*** Opening Supplied data ***

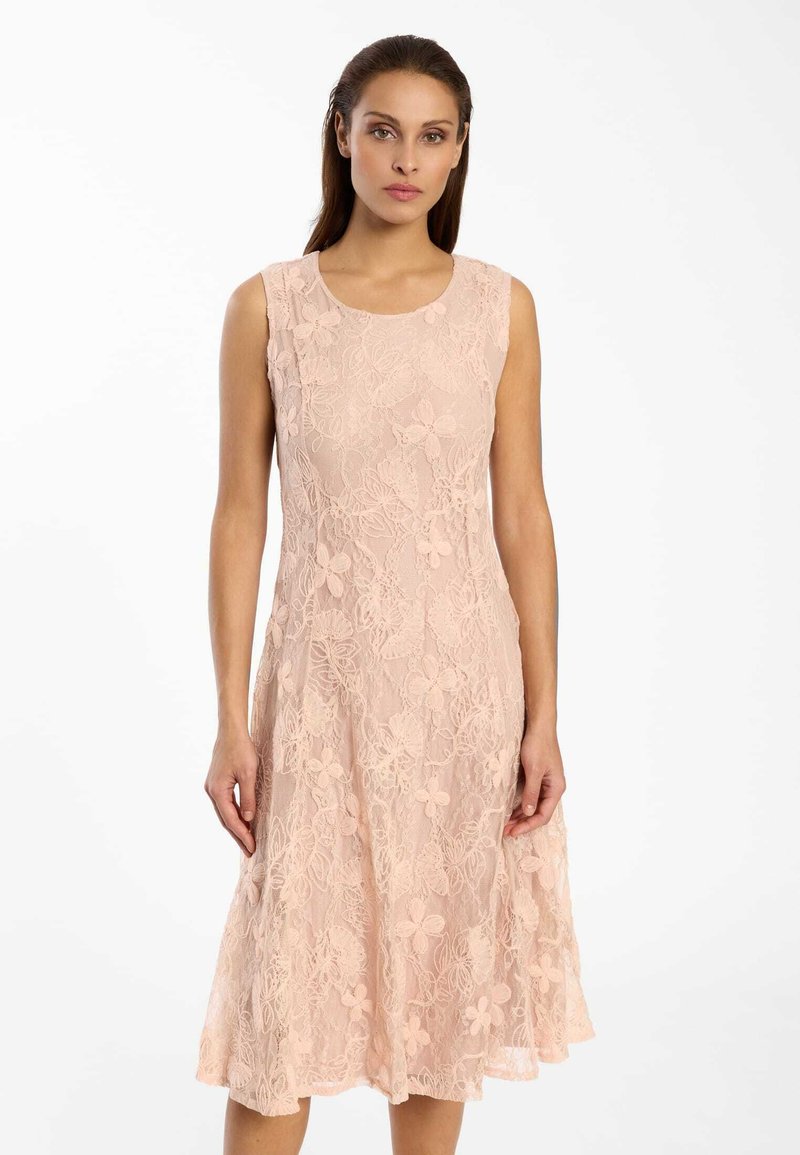 Frau trägt ärmelloses, knielanges hellrosa Spitzenkleid mit Blumenmustern, steht vor weißem Hintergrund.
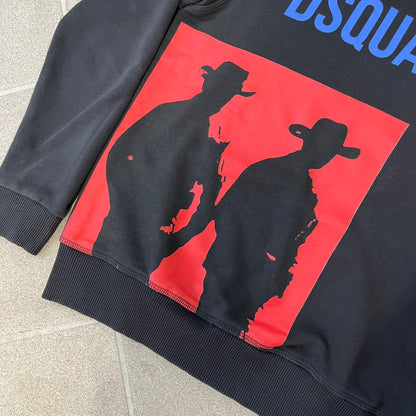 Dsquared2 2017 Western Cowboys Hoodie is a black hoodie featuring a blue Dsquared2 text logo across the upper front and a red square graphic on the lower right. Inside the square are two black cowboy figures wearing hats. The hoodie was made in Portugal.
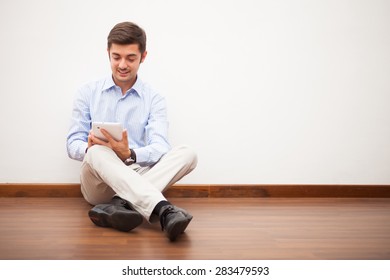 Smiling man using a digital tablet while sitting on the floor of his apartment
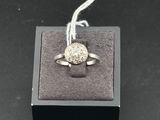 gros plan d'une bague en argent sur une surface noire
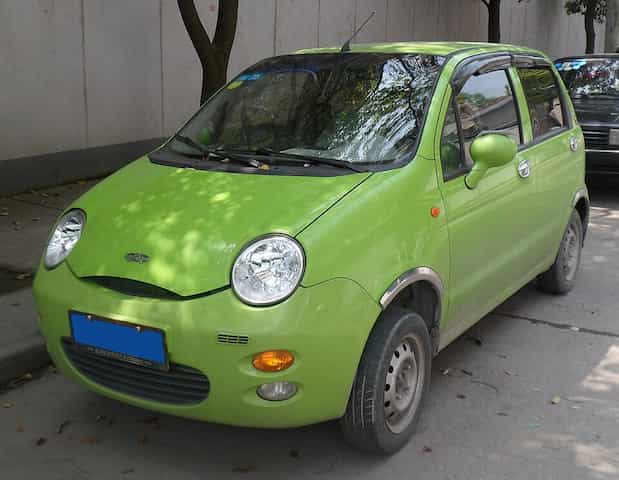 O antigo Chery QQ, de cor verde, parado em uma rua.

*** Closing Supplied data ***

* **Task objective**: The response is the full listing, copied exactly, with the pictures omitted.

* **Task result**:
 Frau trägt ärmelloses, knielanges hellrosa Spitzenkleid mit Blumenmustern, steht vor weißem Hintergrund.
 Dsquared2 2017 Western Cowboys Hoodie is a black hoodie featuring a blue Dsquared2 text logo across the upper front and a red square graphic on the lower right. Inside the square are two black cowboy figures wearing hats. The hoodie was made in Portugal.
 Smiling man using a digital tablet while sitting on the floor of his apartment
 gros plan d'une bague en argent sur une surface noire
 O antigo Chery QQ, de cor verde, parado em uma rua.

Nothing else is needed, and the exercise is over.